L'impact des travaux de Max Levy et l'industrialisation de la similigravure
L'Américain Max Levy, conscient des limitations des procédés mécaniques, se concentre sur la conception d'écrans lignés pour la phototypographie. En 1893, il dépose un brevet pour un écran qui devient rapidement la trame standard utilisée dans la similigravure. La contribution de Levy réside principalement dans la précision et la qualité de ses trames, qui permettent une meilleure reproduction des niveaux de gris en points noirs. Ces écrans, produits industriellement, ouvrent la voie à une généralisation de la similigravure dans la presse, notamment en France.
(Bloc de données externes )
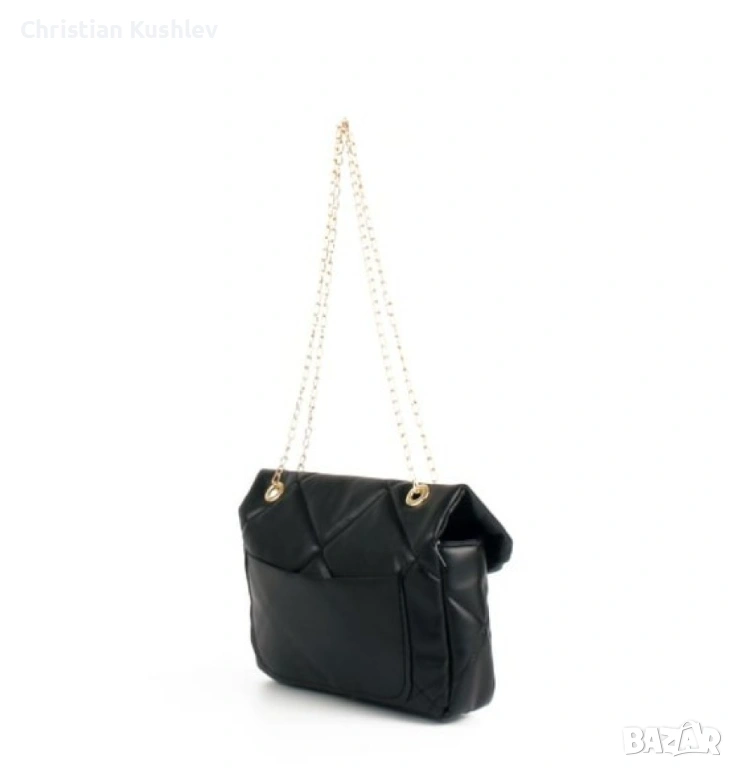 Дамска ватирана мека чанта в стилен дизайн и дръжка тип синджир, снимка 1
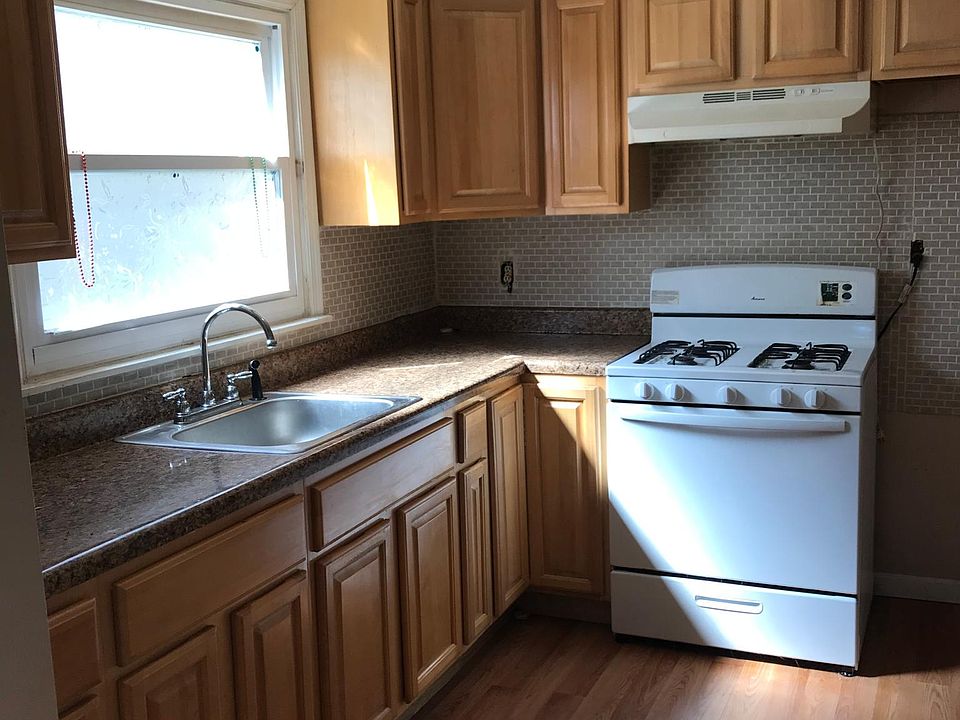1st image of 99 Oakville St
La réception et l'usage de la similigravure en France
En France, l'adoption de la similigravure est lente. Les résistances culturelles, notamment l'influence des graveurs sur bois et des procédés de gélatine bichromatée, freinent son développement. Ce n'est qu'à partir des années 1890 que la similigravure commence à s'imposer dans la presse illustrée, notamment dans des publications comme L'Illustration. À partir de 1895, l'utilisation de la similigravure devient plus fréquente, mais il faut attendre le début du XXe siècle pour qu'elle remplace définitivement la gravure sur bois dans les journaux.
Conclusion
La similigravure, bien que révolutionnaire, met plusieurs décennies à s'imposer comme le principal outil de reproduction d'images dans la presse. Les travaux de pionniers comme Charles-Guillaume Petit, Georg Meisenbach et Max Levy sont essentiels pour comprendre cette transition. La similigravure marque une étape importante dans l'histoire de la photographie et de la presse, ouvrant la voie à une nouvelle ère de communication visuelle où texte et image se combinent de manière harmonieuse. Cependant, cette révolution technique n'est pas sans heurts, marquée par des résistances culturelles et des défis techniques qui expliquent le décalage entre les premières expérimentations et l'adoption généralisée du procédé.